İngiltere Kraliyet Ailesi toplumların afyonu. Bir zamanlar üzerinde güneş batmayan imparatorluğun başı olan bu aile politik, askeri ve kültürel gücüyle hep dünya sahnesinde. Millet, sınıf, eğitim düzeyi ve siyasi görüş farkı tanımadan herkesin gündemine ara ara giriyor, her tür gazetenin kapak sayfasını ekseriyetle ziyaret ediyorlar. Düğünlerini de cenazelerini de milyonlar canlı izliyor, belgeselleri ve dizileri ödüllere doymuyor. Ülkenin turizm gelirini neredeyse tek başlarına üstleniyorlar.

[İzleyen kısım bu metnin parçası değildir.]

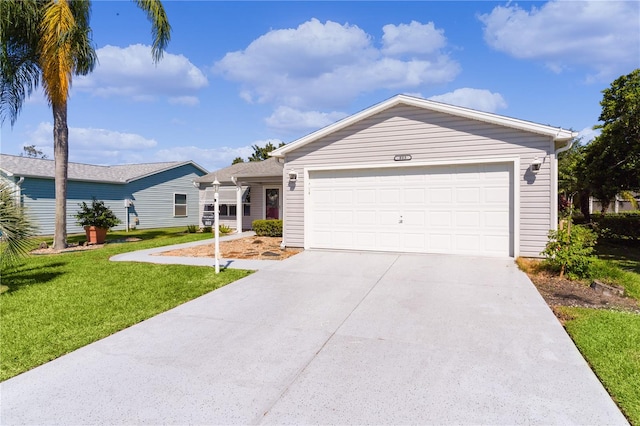 ranch-style home featuring a front lawn and a garage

Onları romantik masal kahramanları gibi görenler de, halktan alınan vergilerle lüks hayat yaşayan, açgözlü ve gereksiz bir geleneğin devamlılığı olarak görenler de konu gelinlere geldiğinde bir duruyor. İsteseler de istemeseler de gelinler bu ailede hep başrolde. Gelinlerin ortak noktasıysa aslında sadece özel hayatları sebebiyle karşımızda olmaları. Nişanlanışları, evlilikleri, önceki evlilikleri, doğumları, annelik ritüelleri gündemde yer almak için yeterli sebepler. Bunun yanı sıra bir de güzellerse, alımlılarsa, modadan anlıyorlarsa ve iyi giyiniyorlarsa bonus oluyor. Aristokrasiden gelmiyorlarsa hem dışlanıyor, uyumsuz bulunuyor ve aileye yakıştırılmıyorlar hem de aynı sebeple cesur ve farklı diye tanımlanıp halkın gözdesi oluyorlar.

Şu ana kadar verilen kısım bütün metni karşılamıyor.